Inside MySpace: The StoryBy David F. Carr | Posted 2007-01-16 Email Print
Booming traffic demands put a constant stress on the social network's computing infrastructure. Here's how it copes.title=Unexpected Errors}
If it were not for this series of upgrades and changes to systems architecture, the MySpace Web site wouldn't function at all. But what about the times when it still hiccups? What's behind those "Unexpected Error" screens that are the source of so many user complaints?
One problem is that MySpace is pushing Microsoft's Web technologies into territory that only Microsoft itself has begun to explore, Benedetto says. As of November, MySpace was exceeding the number of simultaneous connections supported by SQL Server, causing the software to crash. The specific circumstances that trigger one of these crashes occur only about once every three days, but it's still frequent enough to be annoying, according to Benedetto. And anytime a database craps out, that's bad news if the data for the page you're trying to view is stored there. "Anytime that happens, and uncached data is unavailable through SQL Server, you'll see one of those unexpected errors," he explains.
Last summer, MySpace's Windows 2003 servers shut down unexpectedly on multiple occasions. The culprit turned out to be a built-in feature of the operating system designed to prevent distributed denial of service attacks—a hacker tactic in which a Web site is subjected to so many connection requests from so many client computers that it crashes. MySpace is subject to those attacks just like many other top Web sites, but it defends against them at the network level rather than relying on this feature of Windows—which in this case was being triggered by hordes of legitimate connections from MySpace users.

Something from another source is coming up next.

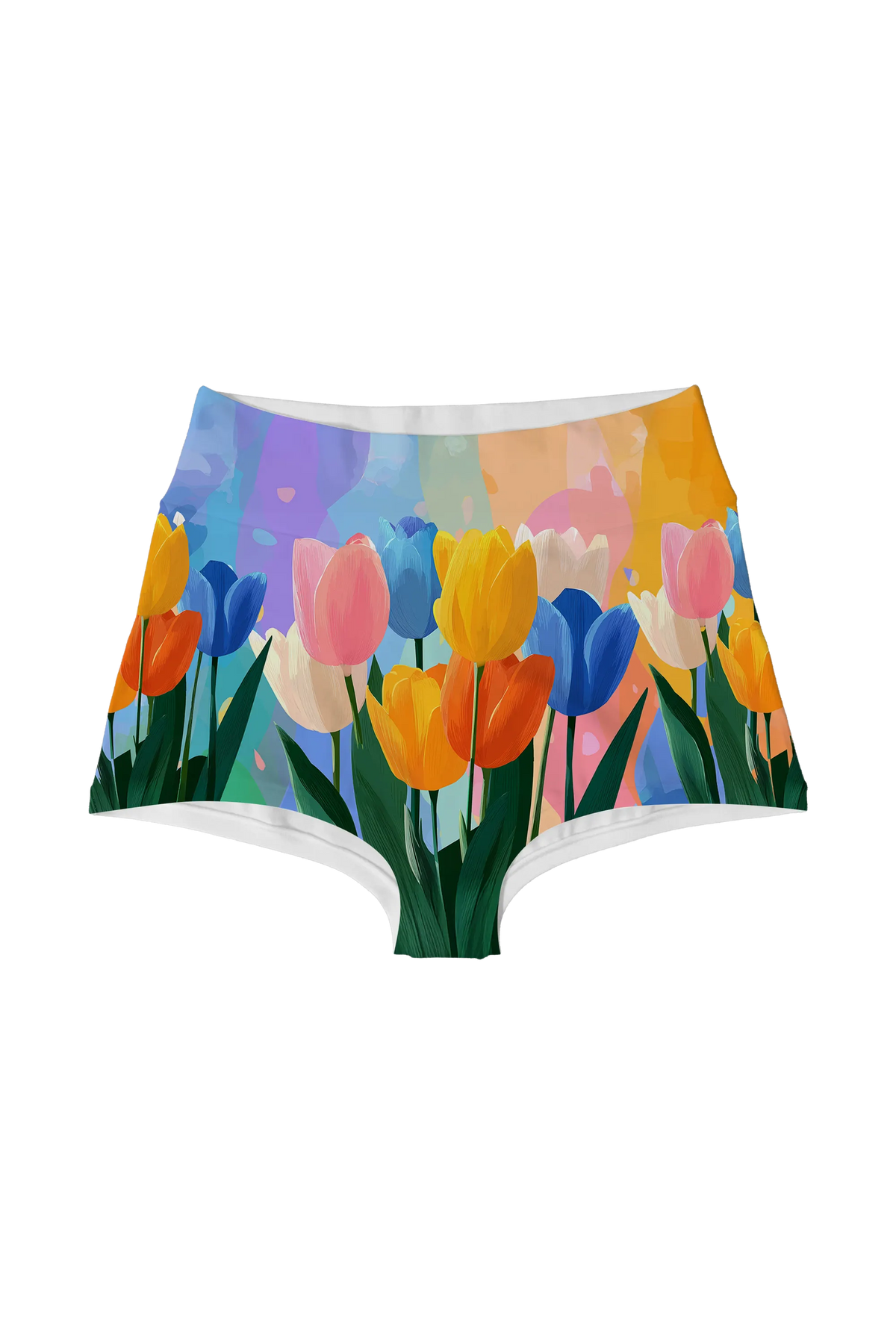 Watercolor Tulips highwaist, back view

"We were scratching our heads for about a month trying to figure out why our Windows 2003 servers kept shutting themselves off," Benedetto says. Finally, with help from Microsoft, his team figured out how to tell the server to "ignore distributed denial of service; this is friendly fire."
And then there was that Sunday night last July when a power outage in Los Angeles, where MySpace is headquartered, knocked the entire service offline for about 12 hours. The outage stood out partly because most other large Web sites use geographically distributed data centers to protect themselves against localized service disruptions. In fact, MySpace had two other data centers in operation at the time of this incident, but the Web servers housed there were still dependent on the SAN infrastructure in Los Angeles. Without that, they couldn't serve up anything more than a plea for patience.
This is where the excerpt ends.